* WORK INSTRUCTION *
Look for the line containing "6 CAUZE REALE" and the line containing "Arm Lift & Reduction: Case 7 - After" in the entries below. Copy those two and all lines between them exactly, leaving out pictures.

*** INPUT Section Begins ***

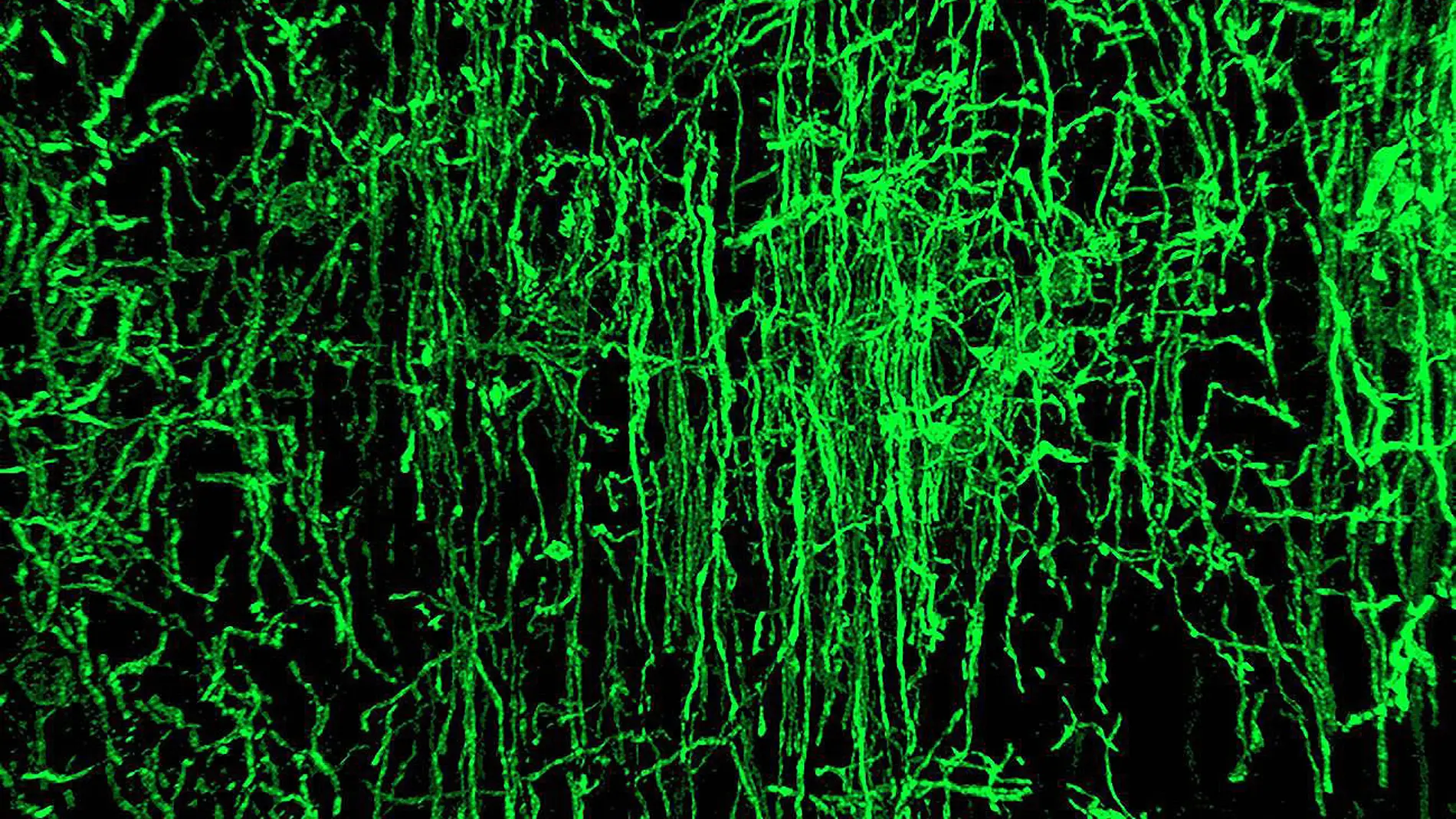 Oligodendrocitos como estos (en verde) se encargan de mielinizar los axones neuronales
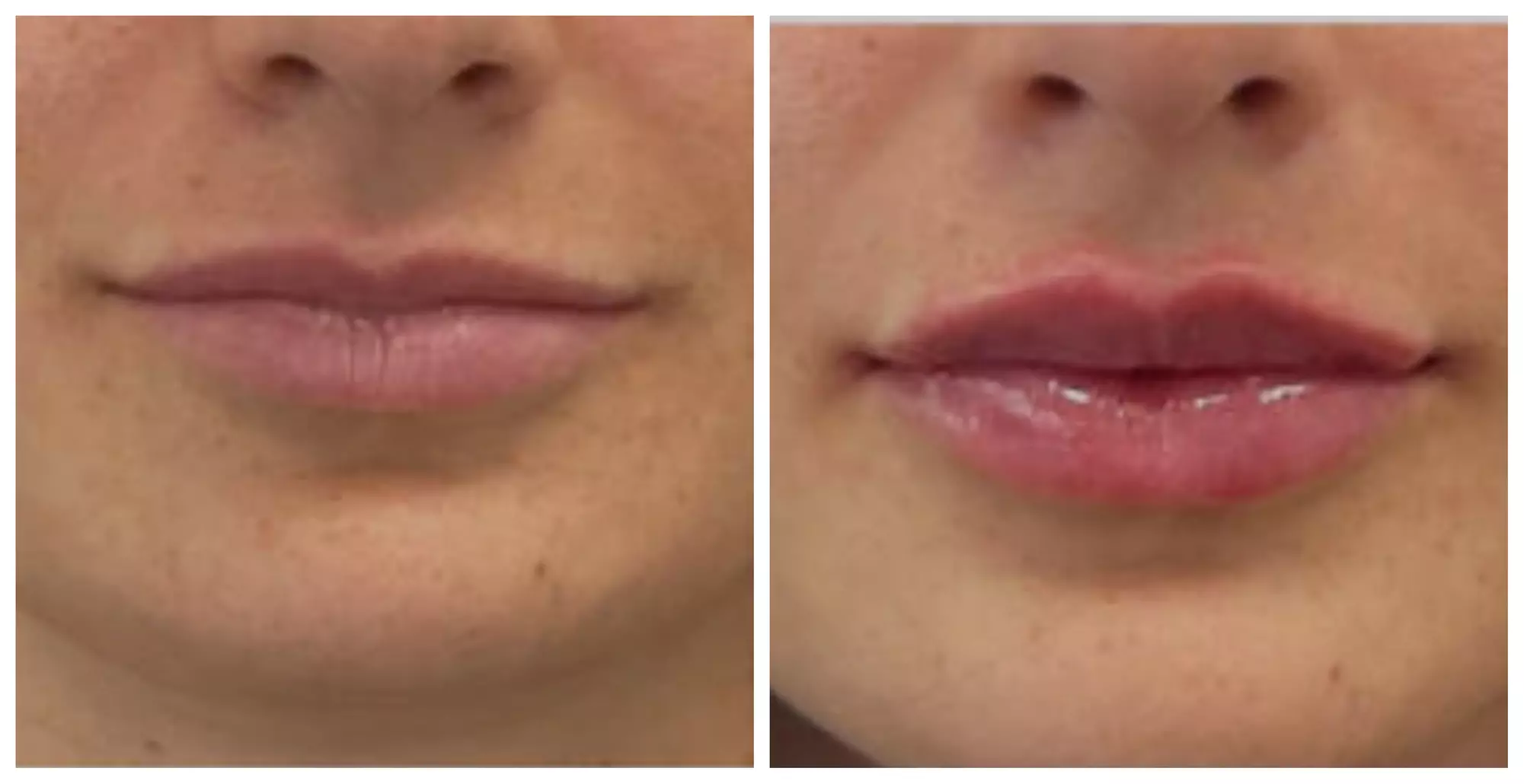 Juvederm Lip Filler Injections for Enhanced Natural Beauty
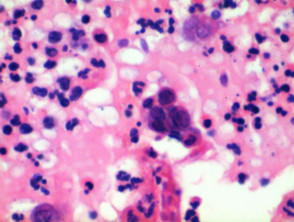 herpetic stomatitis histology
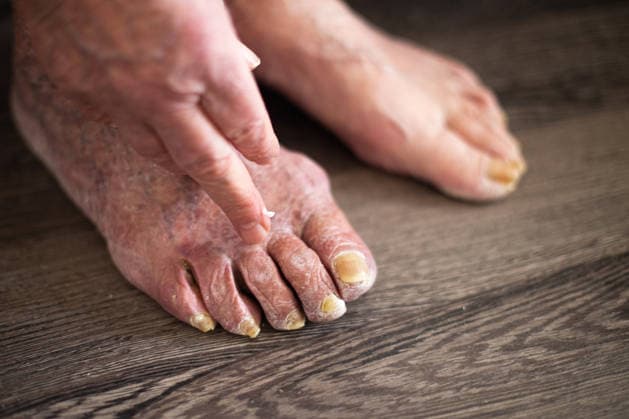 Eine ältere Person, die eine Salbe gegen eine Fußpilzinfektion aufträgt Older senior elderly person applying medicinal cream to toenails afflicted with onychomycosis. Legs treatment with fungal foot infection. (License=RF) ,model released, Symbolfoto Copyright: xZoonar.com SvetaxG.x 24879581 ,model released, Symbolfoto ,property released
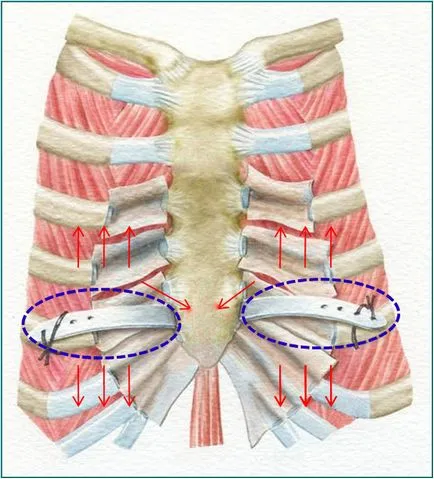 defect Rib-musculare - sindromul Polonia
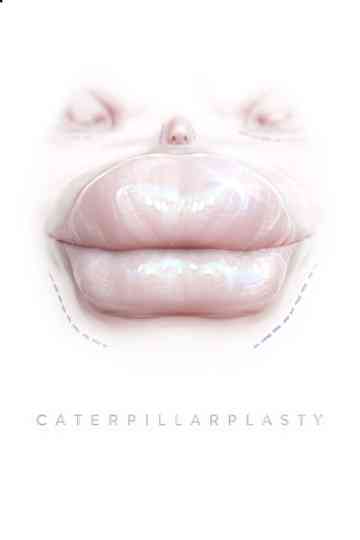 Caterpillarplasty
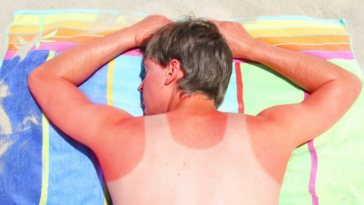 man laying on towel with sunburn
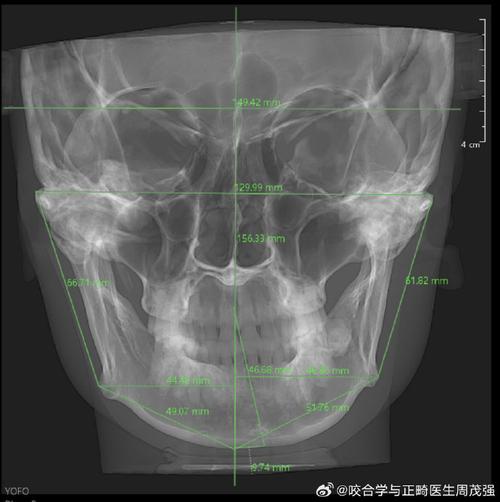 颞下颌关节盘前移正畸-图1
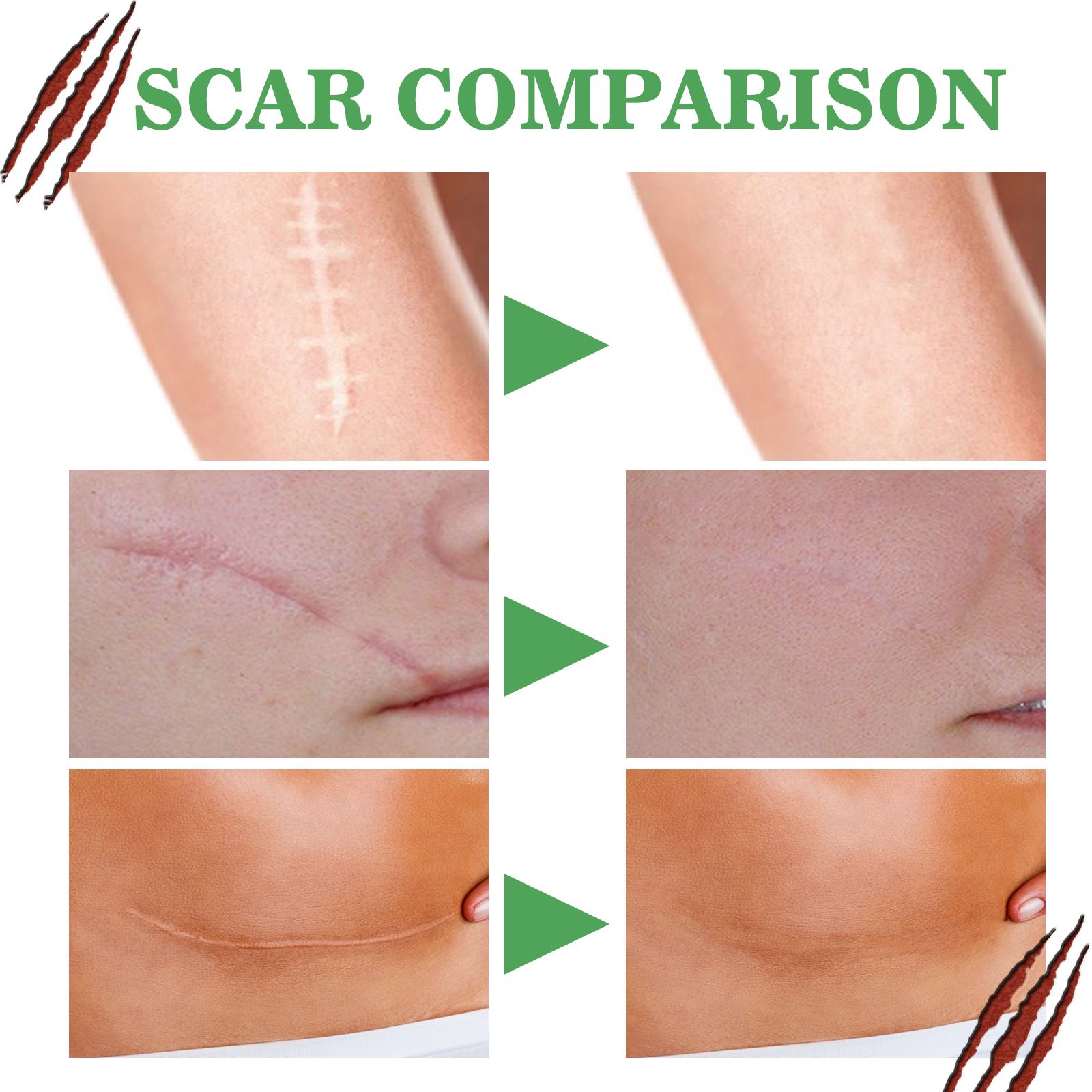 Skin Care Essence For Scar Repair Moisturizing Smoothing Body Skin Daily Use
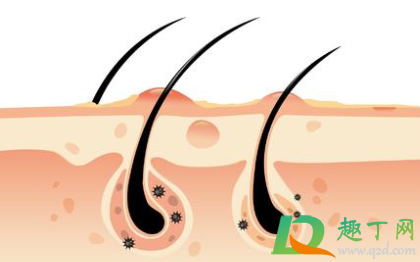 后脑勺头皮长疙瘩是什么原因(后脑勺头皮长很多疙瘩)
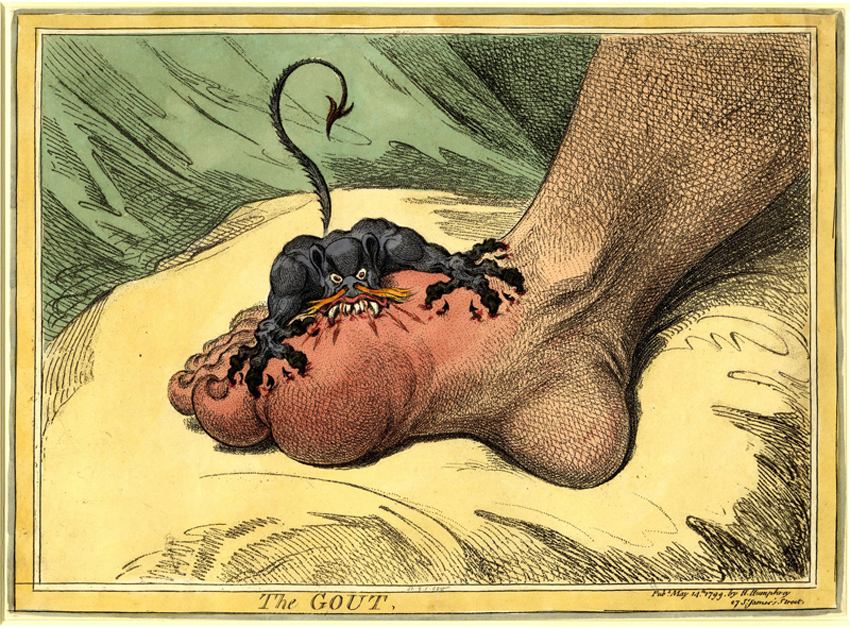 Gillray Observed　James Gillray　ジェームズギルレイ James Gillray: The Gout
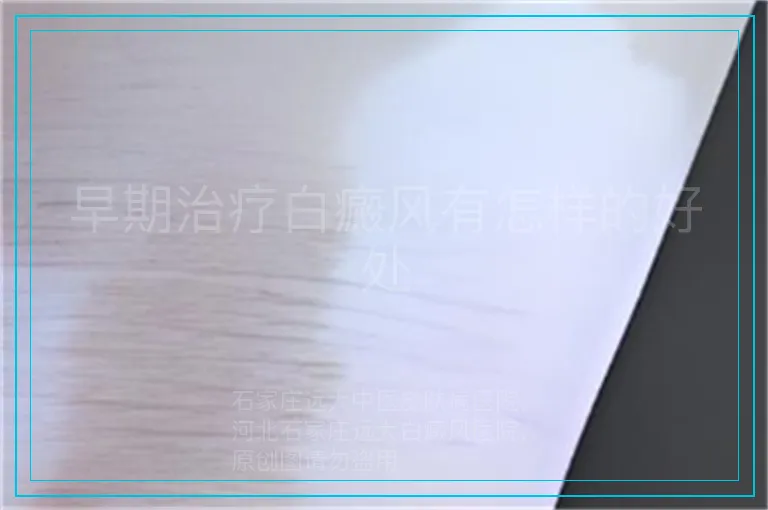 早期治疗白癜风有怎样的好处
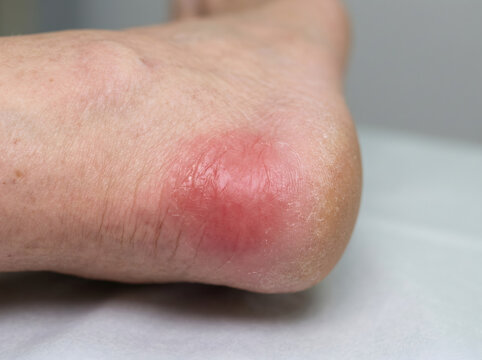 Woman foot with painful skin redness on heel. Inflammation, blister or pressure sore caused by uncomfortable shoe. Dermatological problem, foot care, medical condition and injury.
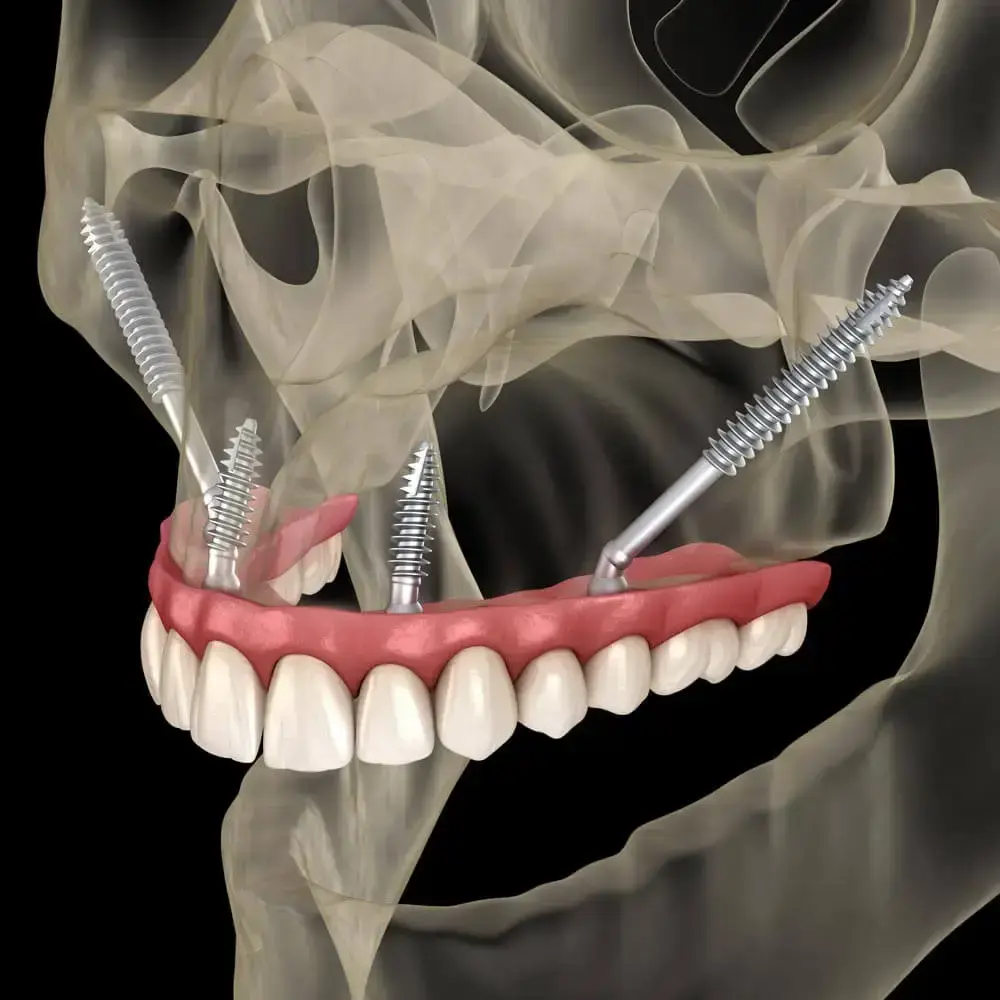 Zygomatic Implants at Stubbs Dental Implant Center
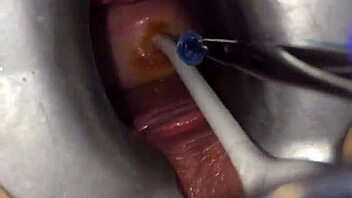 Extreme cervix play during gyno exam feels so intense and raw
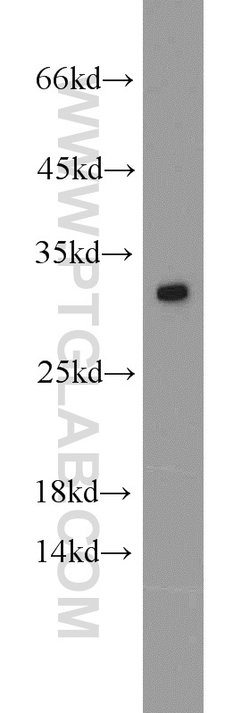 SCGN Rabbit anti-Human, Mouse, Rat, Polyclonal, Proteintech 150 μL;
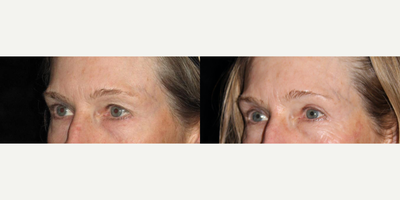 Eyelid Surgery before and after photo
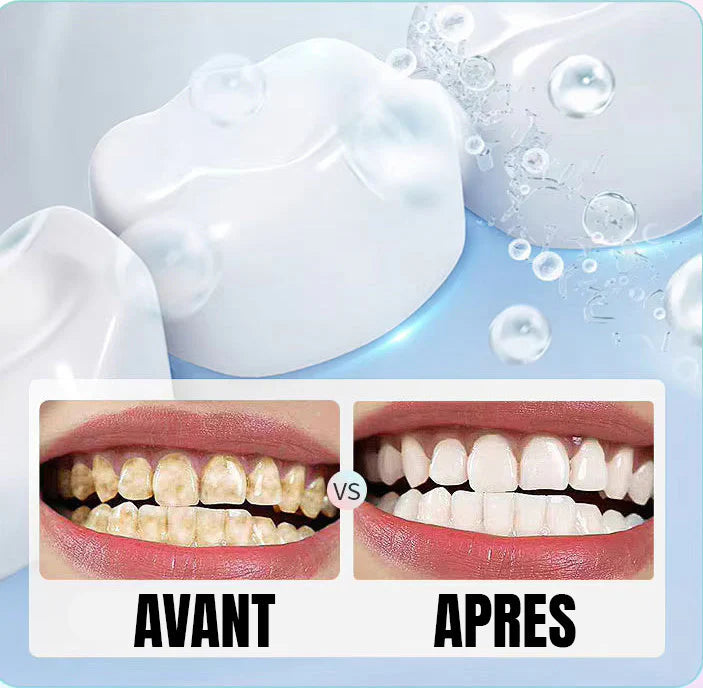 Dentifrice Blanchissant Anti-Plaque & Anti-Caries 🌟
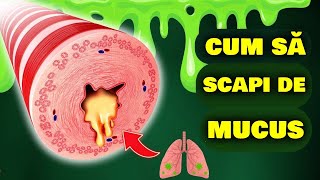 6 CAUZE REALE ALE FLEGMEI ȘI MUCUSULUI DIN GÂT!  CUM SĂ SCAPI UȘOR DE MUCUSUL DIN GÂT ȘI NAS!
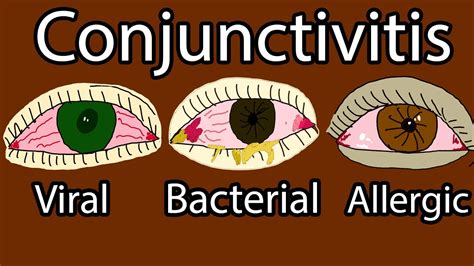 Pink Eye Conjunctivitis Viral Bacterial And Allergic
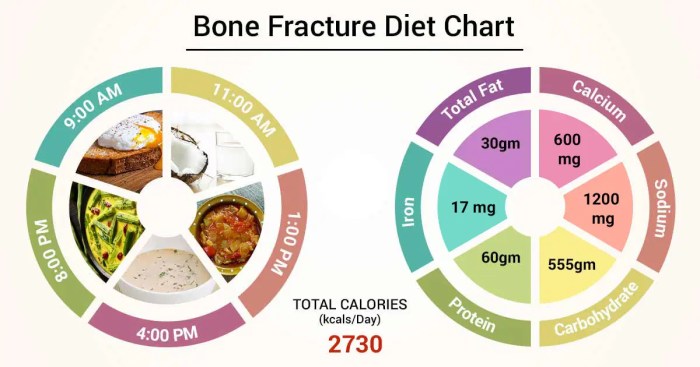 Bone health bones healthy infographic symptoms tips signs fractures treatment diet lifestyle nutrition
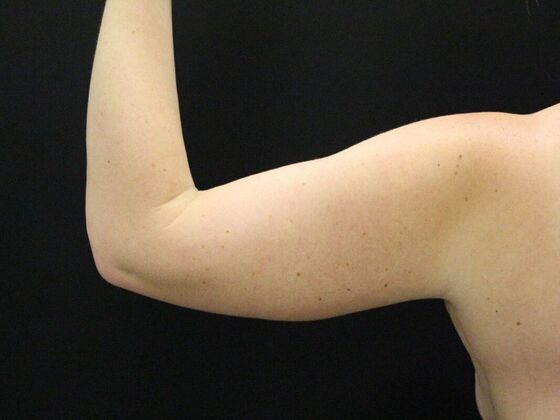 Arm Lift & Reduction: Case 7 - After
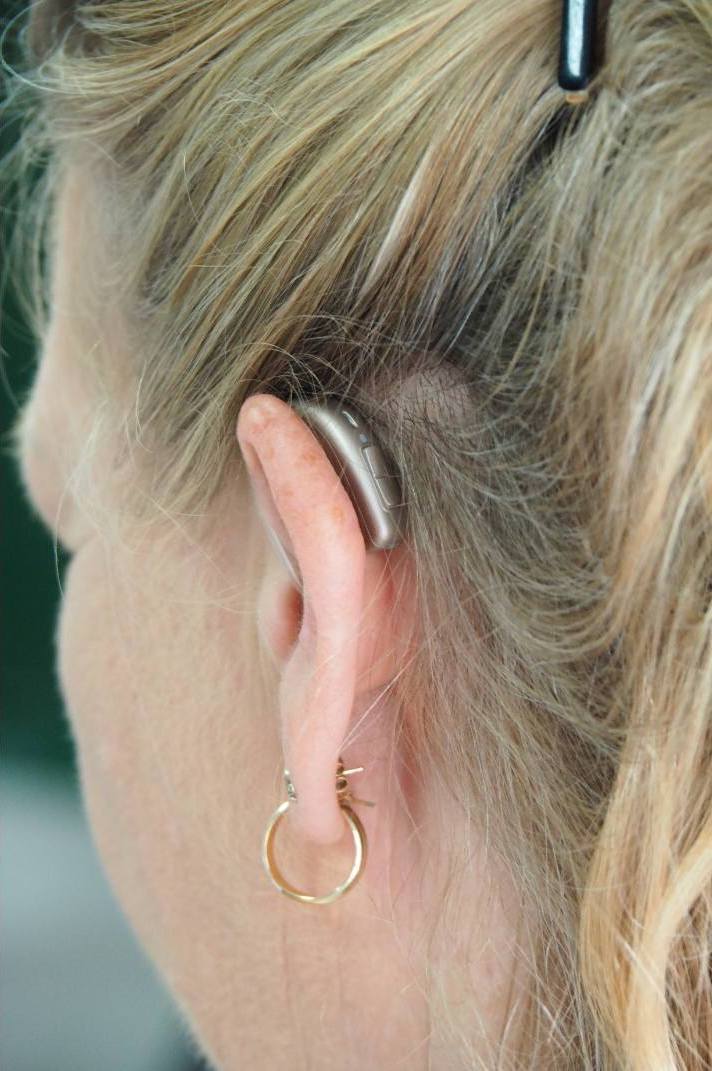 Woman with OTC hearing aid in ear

*** INPUT Section Ends ***

* RESPONSE *
 6 CAUZE REALE ALE FLEGMEI ȘI MUCUSULUI DIN GÂT!  CUM SĂ SCAPI UȘOR DE MUCUSUL DIN GÂT ȘI NAS!
 Pink Eye Conjunctivitis Viral Bacterial And Allergic
 Bone health bones healthy infographic symptoms tips signs fractures treatment diet lifestyle nutrition
 Arm Lift & Reduction: Case 7 - After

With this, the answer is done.